HACKER Q&A
📣 astrobotanical

Where can I find a real-time comparison of LLM chatbot performance?


I'd like to know which chatbot I should leverage for a particular task, as I assume different tools are better suited for different applications.

I've seen formal studies that have examined different dimensions of LLM chatbot performance (e.g. informational or linguistic quality, logical reasoning, creativity), and many anecdotal reports by the HN commentariat. I assume these analyses become outdated quickly, considering the rate at which the tools are evolving.

Are there entities that are evaluating LLM's and publishing the results as quickly?


  👤 ubutler Accepted Answer ✓
LMSYS’ Chatbot Arena (https://huggingface.co/spaces/lmsys/chatbot-arena-leaderboar...) is widely regarded as one of, if not, the most reliable open benchmarks for LLMs. Real users provide prompts to chatbots and then blindly pick the best response. The only drawback is that the leaderboard is restricted to the most popular models and, even then, it can take a while for new models to be added. This is understandable given the considerable ongoing costs associated with continuously updating the leaderboard.

There is also the Open LLM Leaderboard by HuggingFace (https://huggingface.co/spaces/HuggingFaceH4/open_llm_leaderb...) which aggregates a number of benchmarks, some (eg, MMLU) more trustworthy than others (eg, TruthfulQA). There are real concerns, however, that ML practitioners are gaming the leaderboard by contaminating their training data with evaluation data.

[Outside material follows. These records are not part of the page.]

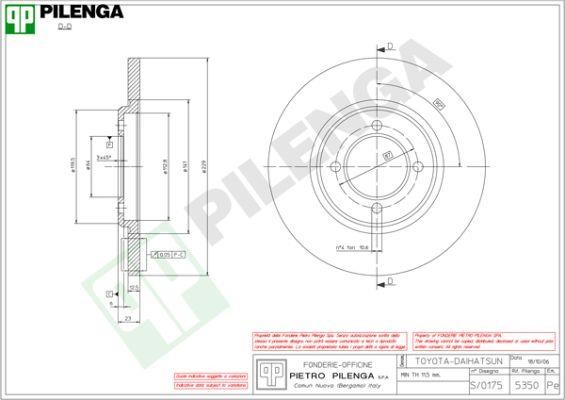 Pilenga 5350 Unventilated front brake disc 5350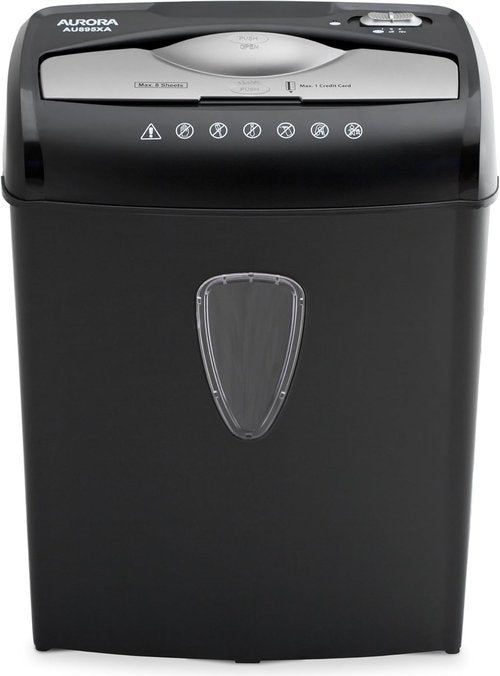Aurora AU895XA 8-Sheet Cross-Cut Shredder - Professional Paper & Credit Card Security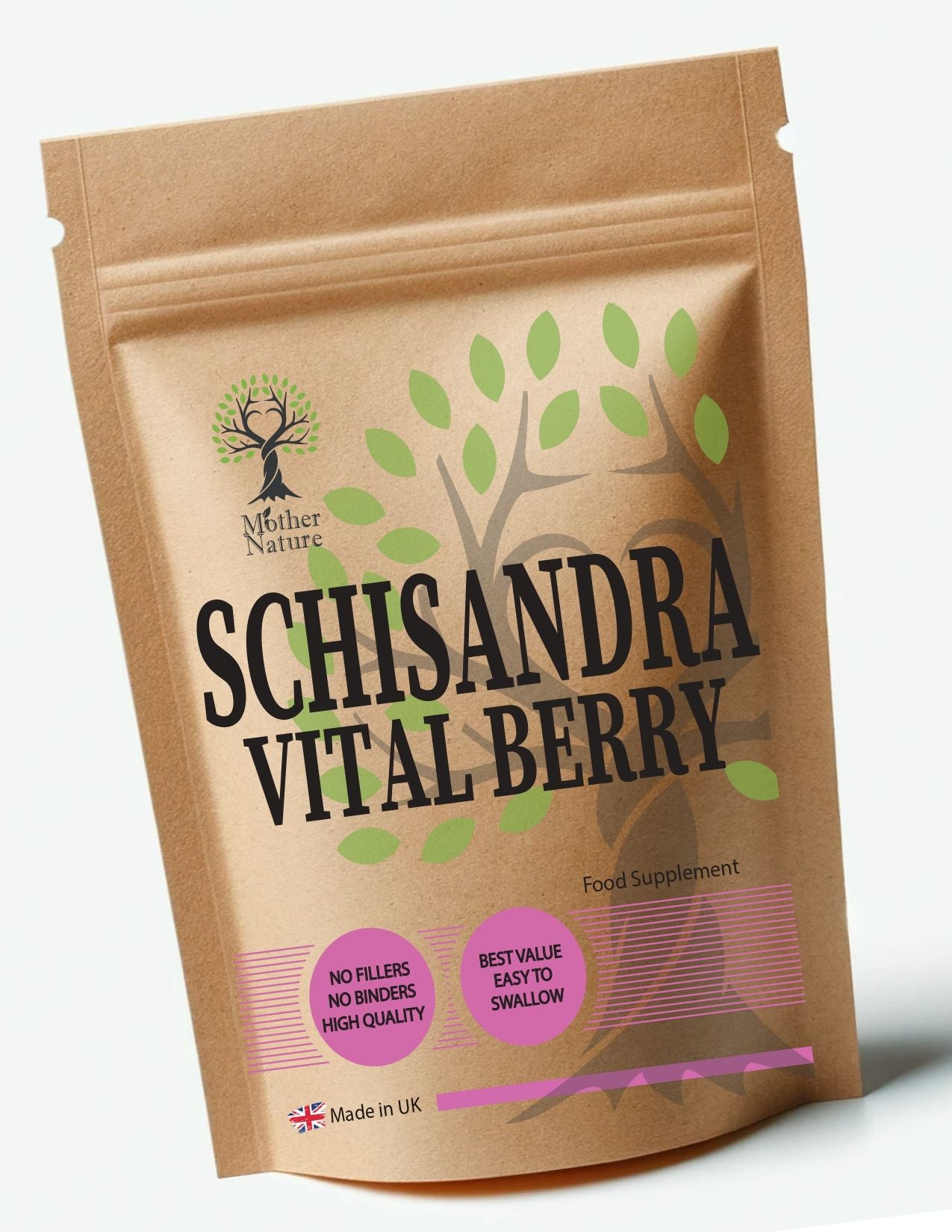 Schisandra Capsules 500 mg – Mother Nature – front label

There are a number of other leaderboards such as OpenCompass (https://rank.opencompass.org.cn/leaderboard-llm-v2) and Yet Another LLM Leaderboard (https://huggingface.co/spaces/mlabonne/Yet_Another_LLM_Leade...) that I have seen suggested although I personally have found the most success with Chatbot Arena and the Open LLM Leaderboard.

I would also suggest checking out the LLM Explorer (https://llm.extractum.io/), which has all of these benchmarks and more in single location and allows you to sort and filter by a wide range of variables. That has been particularly helpful for me when trying to find models that will fit on my GPUs.

N.B. I am not affiliated with any of the benchmarks and services mentioned above.


👤 verdverm
https://chat.lmsys.org/ is the go-to for general comparison (click leaderboard tab)

As for task specific, probably have to dig into papers. Typically, if you have something non-generic, you'll want to fine-tune


👤 extractum
Start with LLM Explorer. https://llm.extractum.io

👤 solardev
Wouldn't it be simpler and more accurate for you to just try X variations of your personal prompt(s) across Y services over Z runs? There's so much variance that no single study would capture every use case.

👤 RecycledEle
Try them yourself.

Ask the samy question is several chatbots, and disqualify the bad ones.